Ok guys, well I'm pretty new here. I have a 2005 LGT Sedan. I bought it with a bad turbo, I replaced the Turbo with a reman VF40 and got exactly 37.2 miles before boom went the dynomite. It lost all power and died out. I heard a knock for maybe 2 seconds before the engine died. So I am a single Father and I'm in the process of finding a new apartment for me and my Daughter so money is very much so an object to contend with. I have a local mechine shop that is pretty familiar in subarus and a friend who is a pretty good mechanic. I'm gonna tackle this as thoroughly as I can financially afford. I have the motor out and discovered it was a rod bearing that pretty much disintegration. The crank is pretty scored, the rod is scored and there is minor scoring on the cylinder wall.

 

I have in mind ... Boring, replacing pistons/rings, Rods, polished crank and pretty much reassembling with new gaskets and such. Am I way off base in making it sound that easy? Any pointers would be Very helpful,and appreciated. keep the bashing to a minimum please. I build chimneys for a living not cars. This will be the most in depth I have gone into working on a vehicle. Im not entirely stupid when it comes to Vehicles but I'm no ASE certified mechanic by any means. Thanks for reading

Posted

http://legacygt.com/forums/forumdisplay.php/build-threads-142.html

 

read that.

 

read the sticky's at the top of the forums.

 

read my click here link.

 

Lot's of info here, the best thing to do is a new ej257 and gasket kit for your car. What happened to you is what happens when a turbo goes, it takes the short block with it 99% of the time.
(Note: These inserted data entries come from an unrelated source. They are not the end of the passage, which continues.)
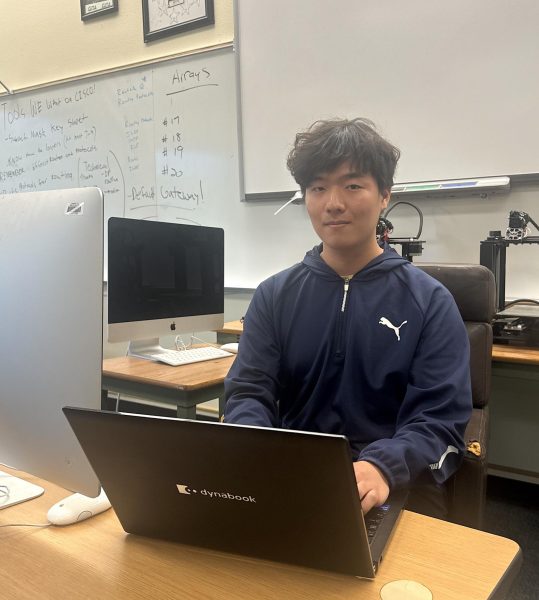 Roy Kim, senior, and his gaming laptop in the GITA room. Kim was chosen as one of 30 Edison Scholars in Southern California and received a $50,000 check during a surprise visit from the organization on March 29.
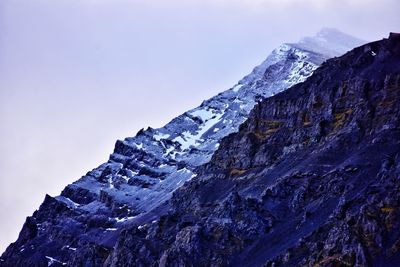 Low angle view of snowcapped mountain against sky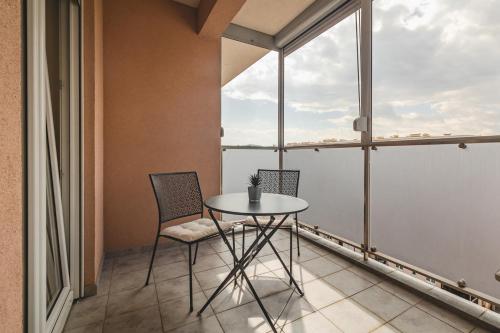 a table and two chairs in a room with a window at Harmony Apartments in Podgorica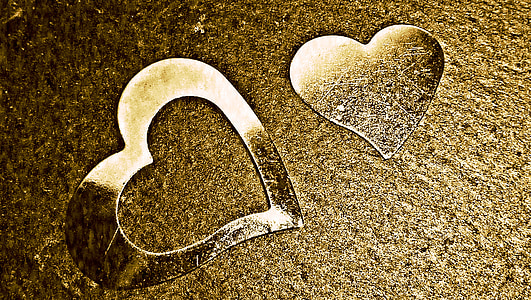 two heart glass decor on brown surface thumbnail
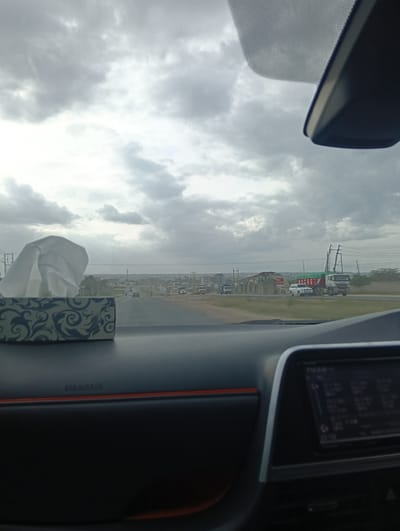The image shows a view from inside a car on a road in Athi River ward, Kenya. The dashboard is visible, with a tissue box on the left and a car display screen on the right. The road stretches ahead, with several vehicles including a large truck, a white SUV, and some smaller vehicles further in the distance. There is infrastructure under construction on the side of the road. The sky is heavily overcast.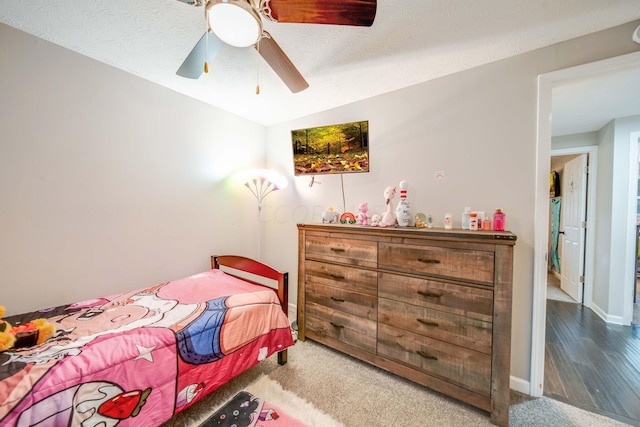 bedroom featuring a textured ceiling, ceiling fan, wood-type flooring, and vaulted ceiling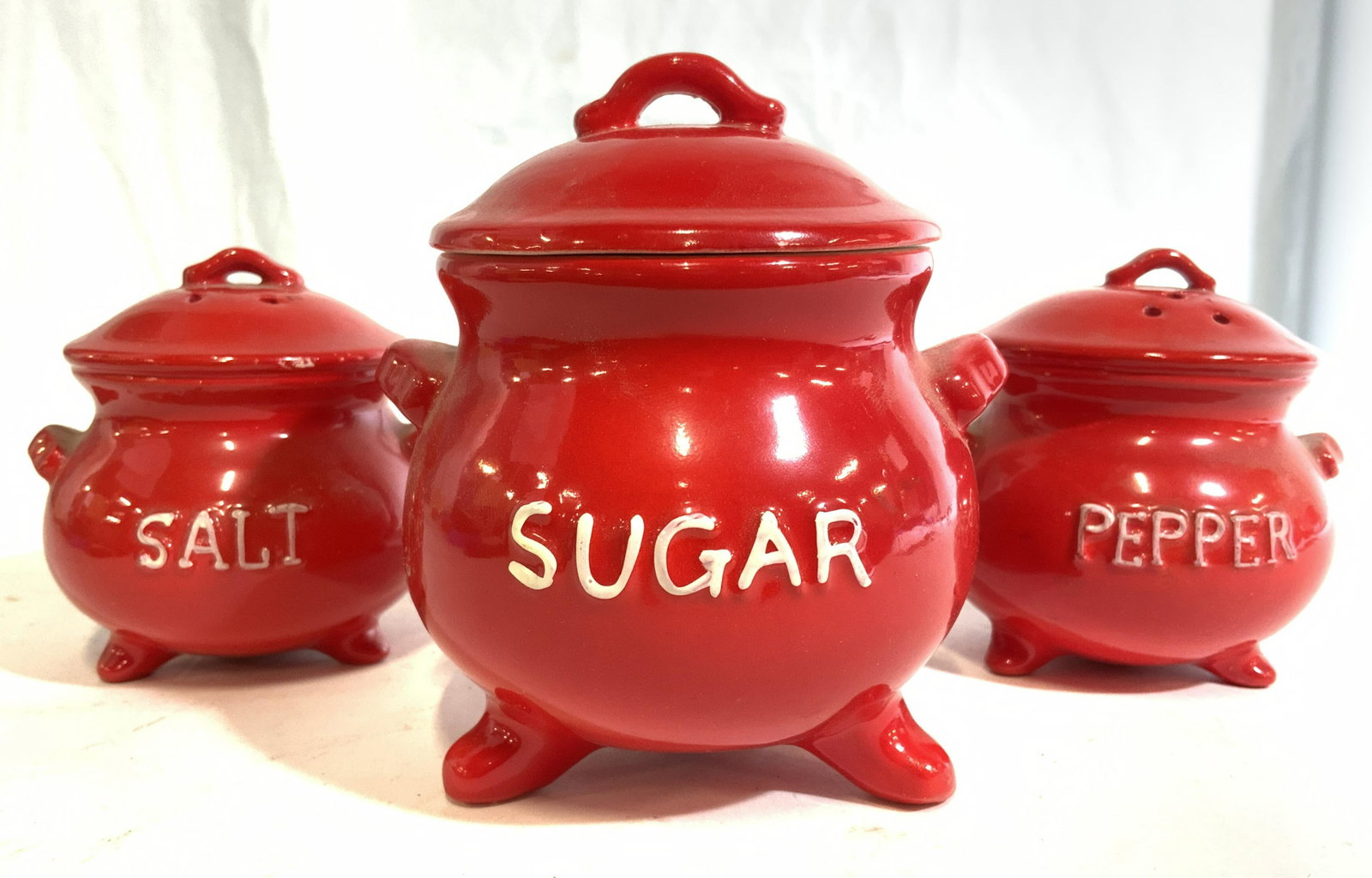 Set 3 LEGO Porcelain Sugar, Salt, & Pepper Shakers: Lot includes 1 sugar dish, 1 salt shaker & 1 pepper shaker. Each piece includes lid. Each dish has 3 feet. Sugar dish measures approx 4.25 inches tall 4 inches wide. LEGO Porcelain, tabletop accessori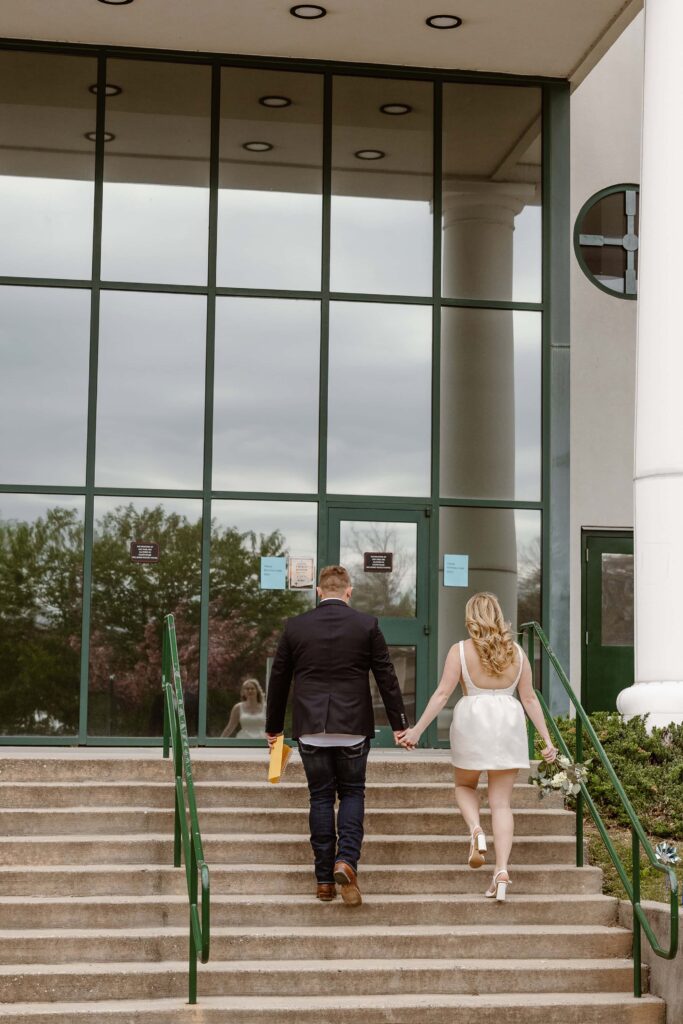 A bride and groom walk up the steps of the county courthouse while holding hands to return their signed marriage license after their elopement ceremony.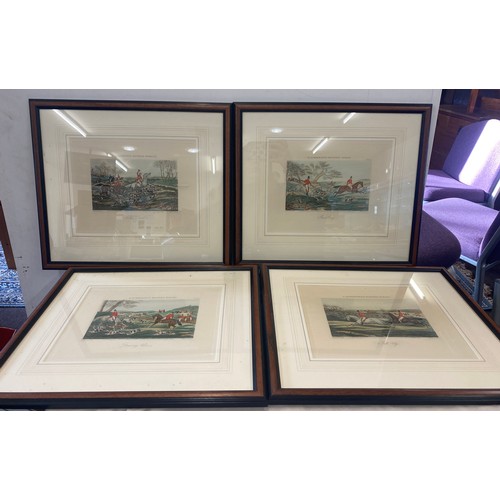 152 - Selection of 4 hunting scene prints largest measures approx 17.5 inches wide by 15 inches tall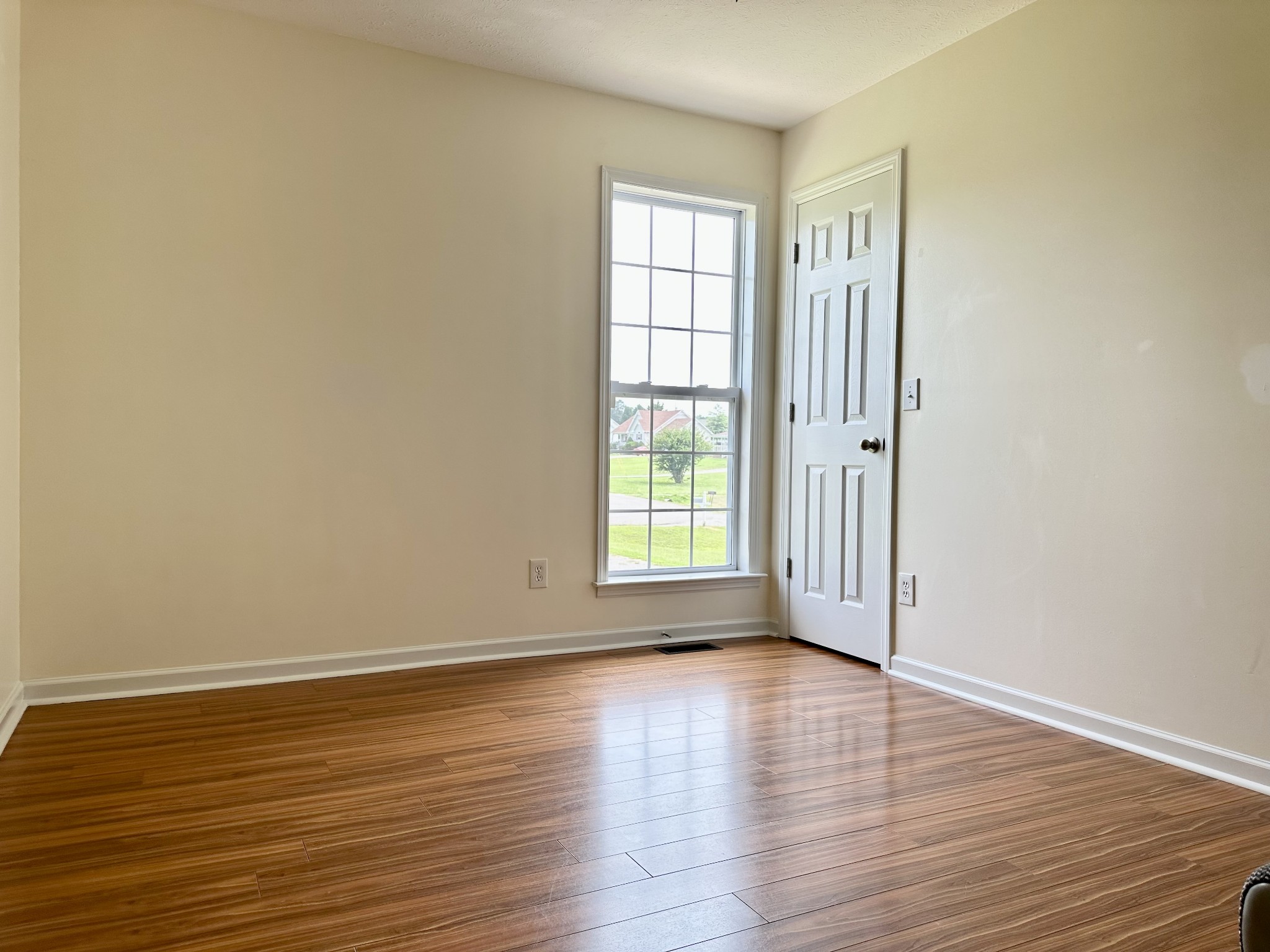 26 Ridgeline Drive Fayetteville, TN 37334 - Photo 23 of 39 a view of an empty room with wooden floor and a window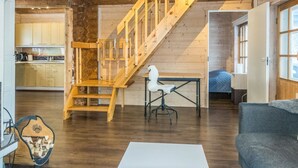 A wooden interior with a staircase, a dining table, and a sofa. - Puljunharju by Interhome (Sodankylä)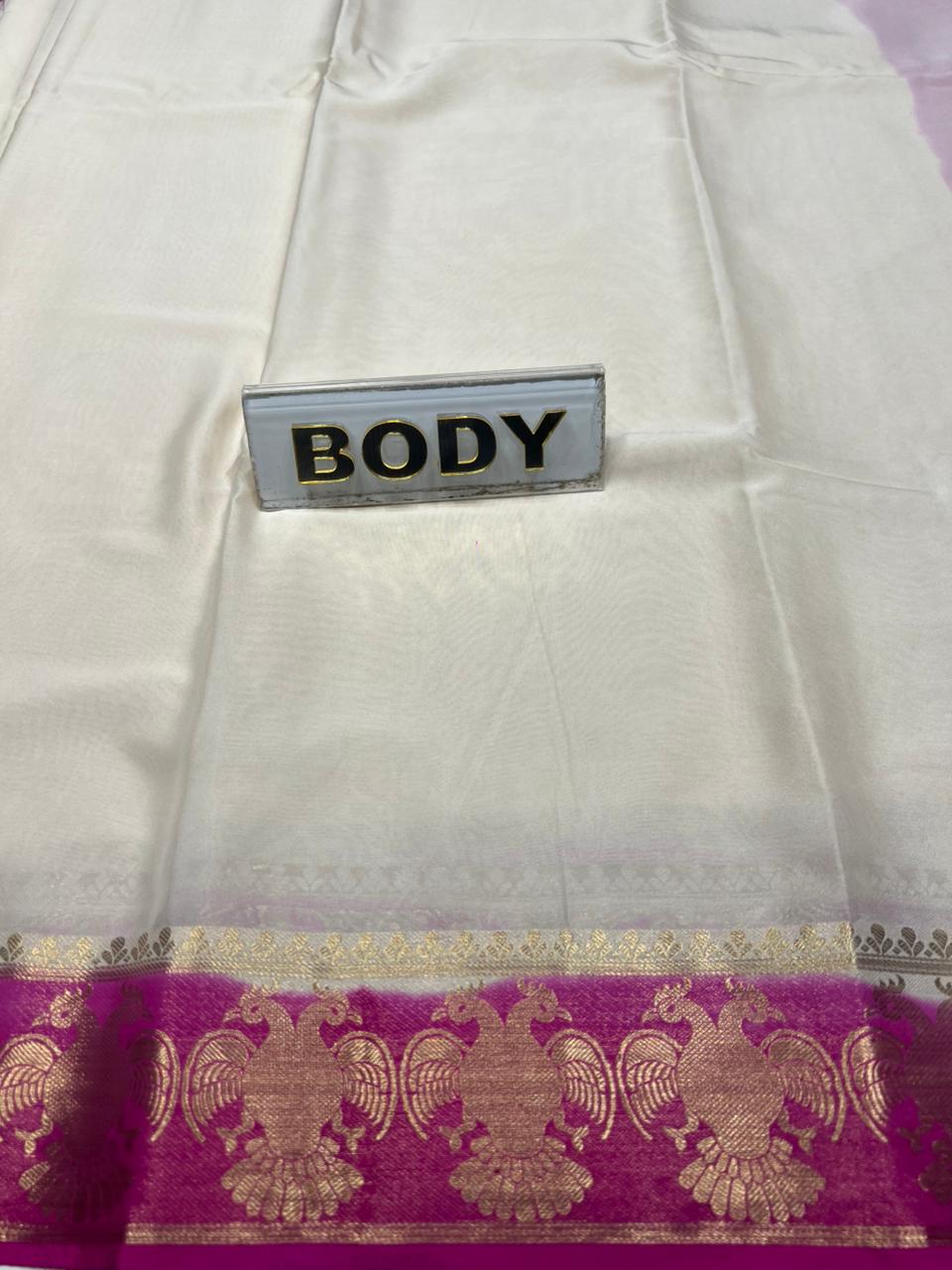 White fabric with a purple border and gold patterns, labeled 'BODY'.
305,600miles 5/2012 ej257 short block, 8/2011 installed VF52 turbo, @20.8psi, 280whp, 300ftlbs. (SOLD).  CHECK your oil, these cars use it.

 

Engine Build - Click Here

Posted
Are you saying a rebuild of the one I have is pretty much useless? About how long would it last the route I was originally planning. I just don't have enough money to afford a new short block. I bought the car for $2500 and the Turbo for $450 so I'm not too deep but my living situation dosnt really allow me to have an extra $2200. I don't mean to sound thick headed or cheap but it's just a tough financial situation. In hindsight I should not have bought it but it was unforseen circumstances. It's a questions I already know the answer to but is it real far fetched to think I can get it in running order for around $1000-1500? My turbo is still perfect. Block is totally apart At the moment.
Posted
Are you saying a rebuild of the one I have is pretty much useless? About how long would it last the route I was originally planning. I just don't have enough money to afford a new short block. I bought the car for $2500 and the Turbo for $450 so I'm not too deep but my living situation dosnt really allow me to have an extra $2200. I don't mean to sound thick headed or cheap but it's just a tough financial situation. In hindsight I should not have bought it but it was unforseen circumstances. It's a questions I already know the answer to but is it real far fetched to think I can get it in running order for around $1000-1500? My turbo is still perfect. Block is totally apart At the moment.

 

$1000-$1500 won't even cover the machine shop costs, let alone new pistons, gasket kit and everything you'll need to replace along the way. Having the heads serviced is about $400 all by itself.

 

Sorry, dude. Not gonna happen. You need a minimum of $3500, and even then, it doesn't get you very far.

Posted
You can't polish that crank. It's trash. With your situation yiur better off getting a new short block from Subaru. By the time you buy new pistons, rings, rod, bearings, crank and machining you will be at the same as a new oem block. Cheapest you going to get out of this is around 3k, and thats if your buddy works for free and the heads only need cleaning and surfacing.
Posted
You can't polish that crank. It's trash. With your situation yiur better off getting a new short block from Subaru. By the time you buy new pistons, rings, rod, bearings, crank and machining you will be at the same as a new oem block.

 

New shortblock is $1695. Gasket kit is $261, plus $175 flat-rate to ship it. That's over $2100 right there, and we both know the dollars don't stop there. Need the heads serviced, too - another $400, which brings the grand total to a little over $2500, which is a whole $1000 over what he wants to spend on this.

Posted
For $1500-$1800 you could find a junkyard USDM or eBay JDM 2.5 Naturally Aspirated or with a little more effort a 3.0 EZ30R engine. Swap it in and go. At least you can get to work.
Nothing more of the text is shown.